→ Your instructions
Begin at the line below that has "We did not find". Stop after the line that has "Lale Abiye Elbise", repeating each line exactly and leaving out the pictures.

→ Dataset
○ ○ ○ ○

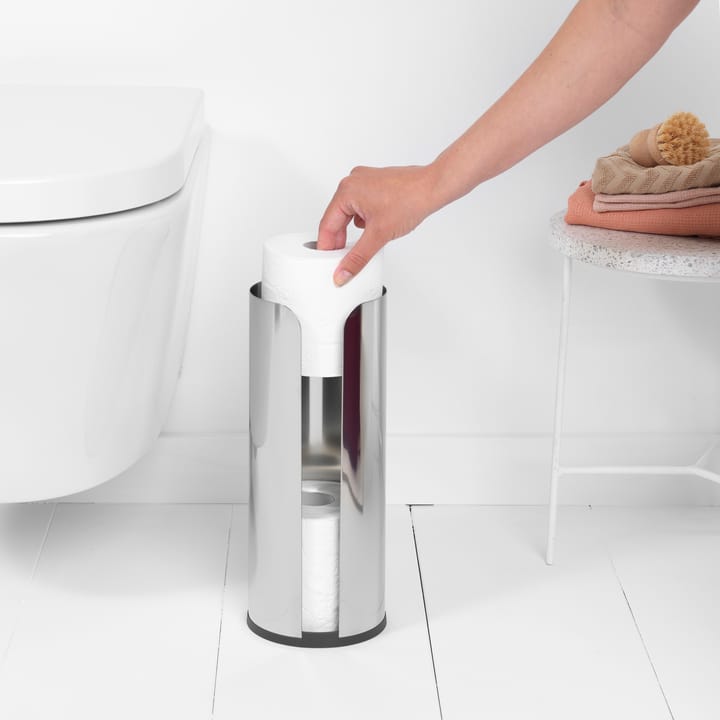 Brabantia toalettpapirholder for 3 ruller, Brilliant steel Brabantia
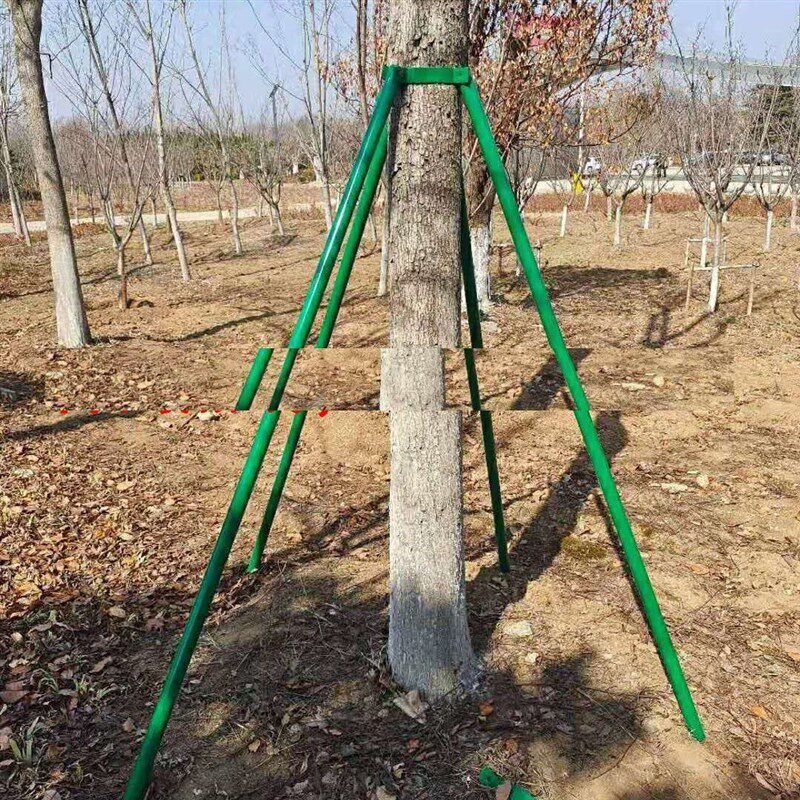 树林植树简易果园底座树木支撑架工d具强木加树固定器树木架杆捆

○ ○ ○ ○

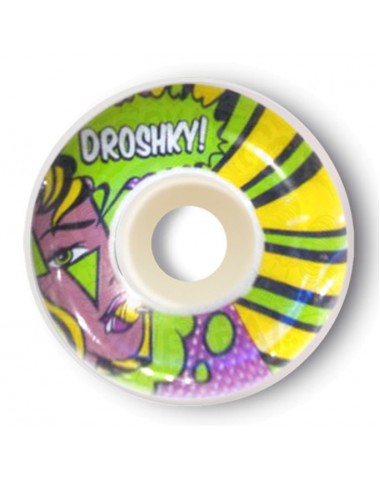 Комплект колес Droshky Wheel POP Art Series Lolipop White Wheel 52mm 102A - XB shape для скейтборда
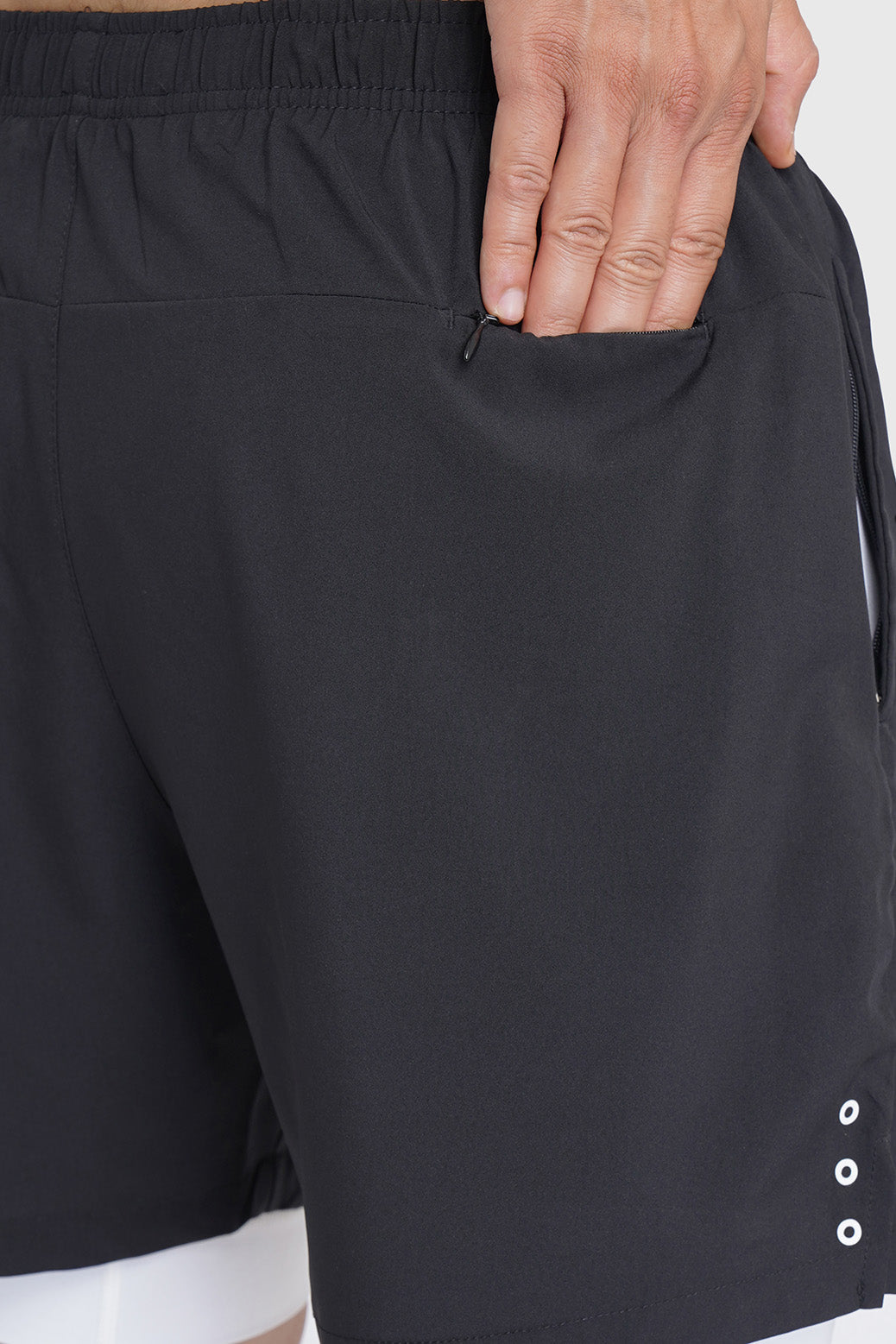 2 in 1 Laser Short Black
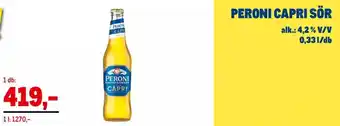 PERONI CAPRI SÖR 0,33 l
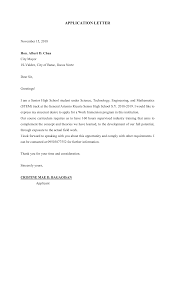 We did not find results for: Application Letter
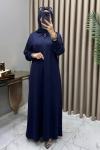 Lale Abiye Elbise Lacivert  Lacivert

○ ○ ○ ○

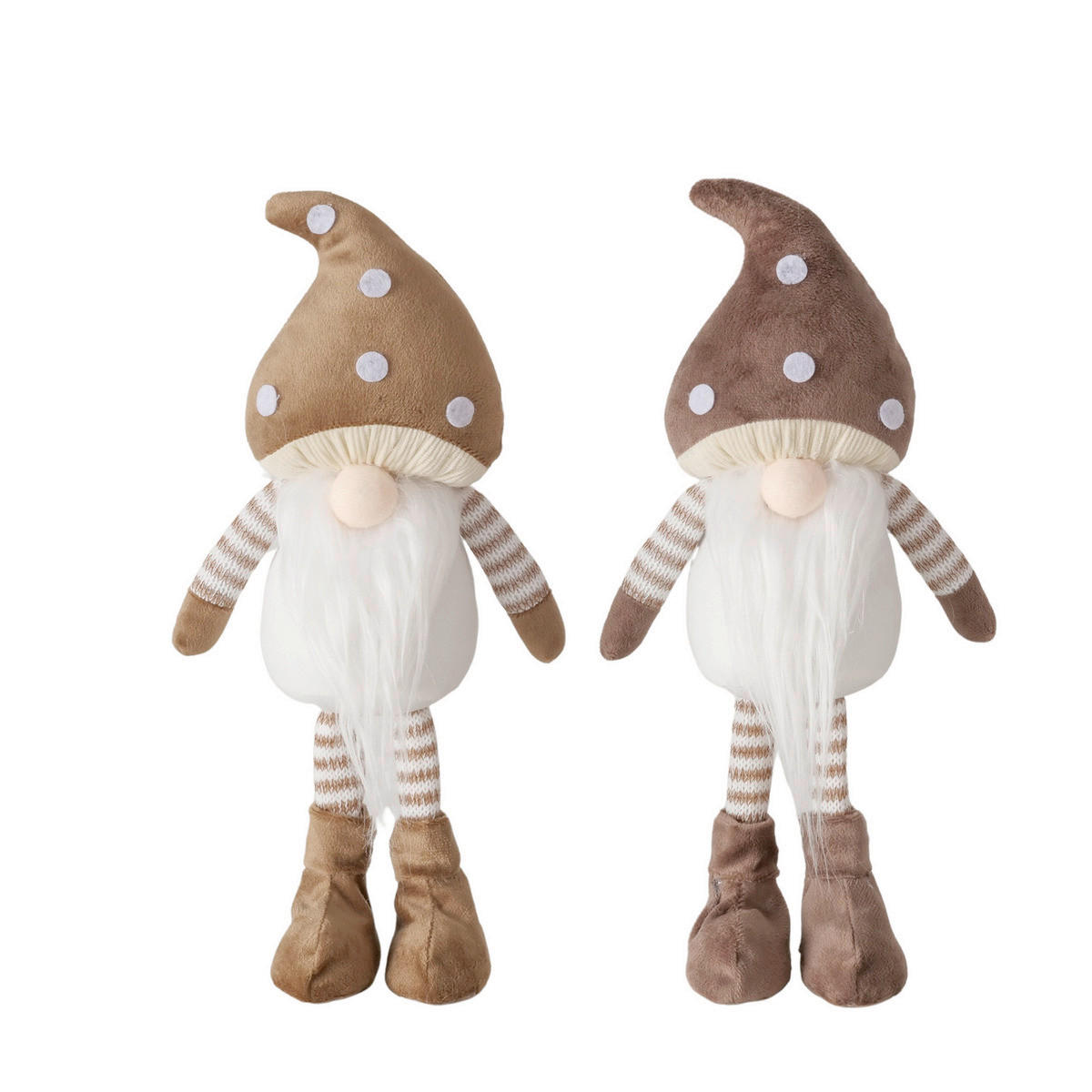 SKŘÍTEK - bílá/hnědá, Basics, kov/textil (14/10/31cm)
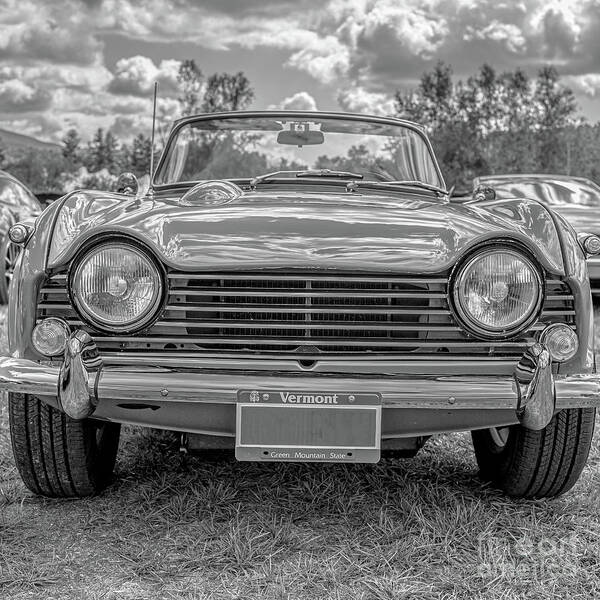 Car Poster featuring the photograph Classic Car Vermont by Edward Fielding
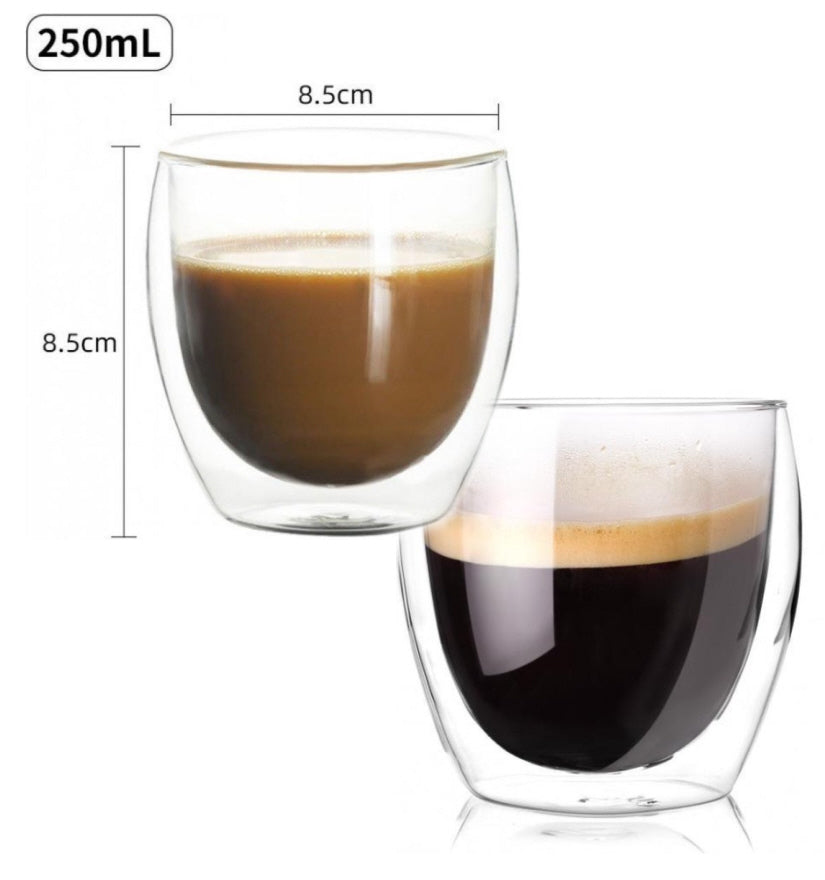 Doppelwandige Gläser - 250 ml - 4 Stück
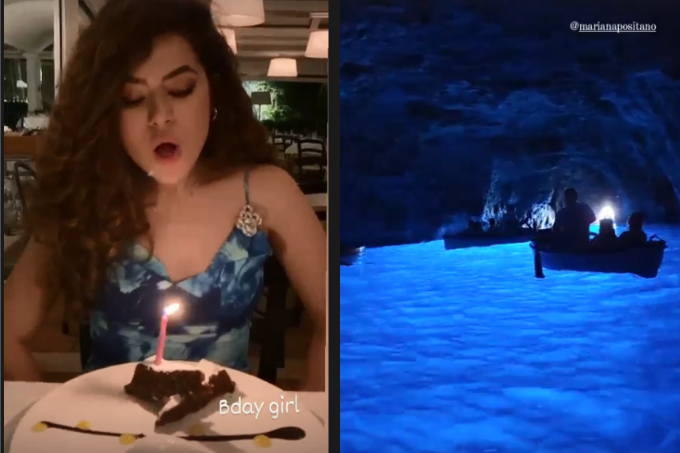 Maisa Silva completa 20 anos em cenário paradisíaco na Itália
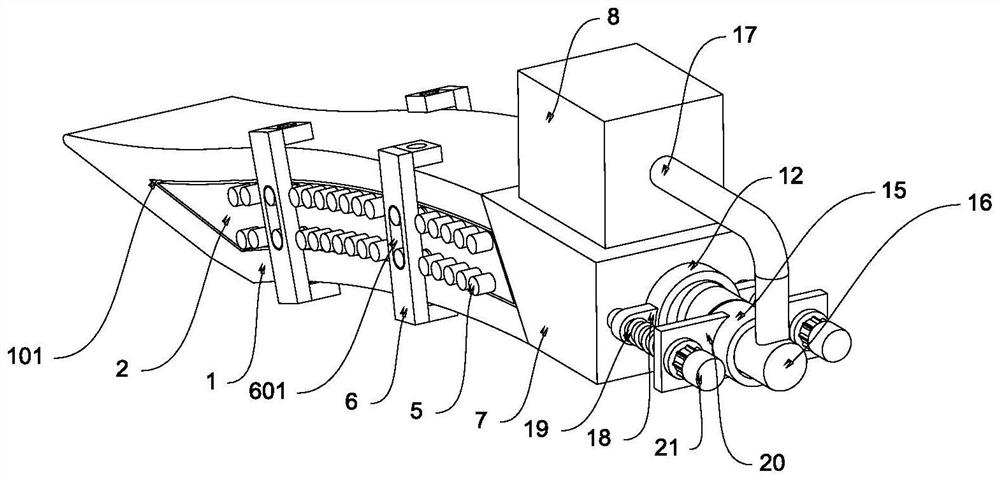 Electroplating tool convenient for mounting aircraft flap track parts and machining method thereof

○ ○ ○ ○

→ Output below
 We did not find results for: Application Letter
 Lale Abiye Elbise Lacivert  Lacivert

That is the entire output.